The Wall Street Journal created a bit of an uproar this past weekend with its article "Darkness Too Visible". The article presumably laments how "dark" graphic topics and language are prominent in modern young adult fiction, and how parents who protest are accused of "banning" the books. (I'll explain that "presumably" in a minute.)
Folks like Josin L. McQuein and Pam van Hylckama Vlieg have posted rebuttals. Josin says that yes, topics are dark, and they well should be—only by putting the darkness under the spotlight will we actually be able to drive it back. Pam says that she wishes she had such dark YA available when she was a young adult, because then she would've known she wasn't alone.
The #yasaves hashtag on Twitter is filled with people who agree that the "dark" fiction has benefits. People also point out that the WSJ article might be an intentional attention grab, because it ignores the many "light" YA titles that are widely available.
I find myself in my usual middleman position. I actually find myself agreeing with everyone, here.
How is this possible? Because the two sides are talking about two different things. The WSJ doesn't do a good job of making the actual crux of the issue obvious, burying it under extremist comments, which is what's produced the wildfire response.
The crux of the issue: Some people find "dark" fiction useful, and others don't want to read it or to have their kids scarred by it.
Sure, some kids can handle it.

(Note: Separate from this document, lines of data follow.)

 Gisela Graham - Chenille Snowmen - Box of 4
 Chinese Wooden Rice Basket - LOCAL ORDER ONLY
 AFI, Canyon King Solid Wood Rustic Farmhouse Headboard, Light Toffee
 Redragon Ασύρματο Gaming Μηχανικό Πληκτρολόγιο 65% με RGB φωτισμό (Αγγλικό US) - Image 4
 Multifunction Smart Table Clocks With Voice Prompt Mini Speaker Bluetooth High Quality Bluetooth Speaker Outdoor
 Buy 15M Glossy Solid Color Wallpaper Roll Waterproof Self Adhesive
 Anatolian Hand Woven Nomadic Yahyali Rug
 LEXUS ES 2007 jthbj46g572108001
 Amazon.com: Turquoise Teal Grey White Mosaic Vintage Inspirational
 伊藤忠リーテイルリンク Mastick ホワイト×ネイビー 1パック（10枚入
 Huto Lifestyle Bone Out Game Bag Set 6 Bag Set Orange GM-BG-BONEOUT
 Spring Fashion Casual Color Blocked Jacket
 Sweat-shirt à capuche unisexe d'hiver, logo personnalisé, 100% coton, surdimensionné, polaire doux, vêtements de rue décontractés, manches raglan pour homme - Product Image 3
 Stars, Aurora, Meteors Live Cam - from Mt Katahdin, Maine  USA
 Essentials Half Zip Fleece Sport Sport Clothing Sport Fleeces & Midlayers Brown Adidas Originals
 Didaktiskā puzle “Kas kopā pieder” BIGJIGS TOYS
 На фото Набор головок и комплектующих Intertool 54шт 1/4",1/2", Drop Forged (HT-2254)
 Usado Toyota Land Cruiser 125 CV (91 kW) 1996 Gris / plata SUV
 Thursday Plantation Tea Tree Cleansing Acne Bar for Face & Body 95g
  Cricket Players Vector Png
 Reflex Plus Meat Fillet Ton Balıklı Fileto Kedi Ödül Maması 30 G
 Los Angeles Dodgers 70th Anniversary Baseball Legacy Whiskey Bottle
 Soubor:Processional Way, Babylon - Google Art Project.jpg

But some can't. (Yet.)
I don't care for graphic language or sexuality, but I like dark topics. But I've had a fairly "light" home life. When I was 12, I had less exposure to objectionable language and sex scenes than was contained some PG-13 movies. I'm a visual learner, particularly from typed monochromatic words, meaning what I read impacts my memory. Reading graphic YA fiction wasn't educational for me—it was scarring. I talk to myself, and one day I caught myself muttering a curse.
I don't curse. I had to go cold turkey on reading anything that looked like it would have objectionable language to get the word out of my head. Which leads to another complaint that was in the WSJ article: finding "clean" YA fiction is hard.
Oh, sure, there are titles to find. But how on earth do you find them? Books don't exactly come with advisories. More than once, I've read a book and been startled about halfway through when some foul-mouthed character enters the scene. It makes me feel cheated, because the first half of the book is false advertising for the rest.
These days, "dark" is what's chic, so "dark" is what's before our faces. People remember negatives better than they do positives, and "dark" is a negative for some people. That means they remember the "dark" books they see better than they do the "light" ones.
Yes, "dark" fiction is a good thing. Yes, "light" fiction is also a good thing. And yes, "light" fiction, though it exists, is a bit hard to find at the moment.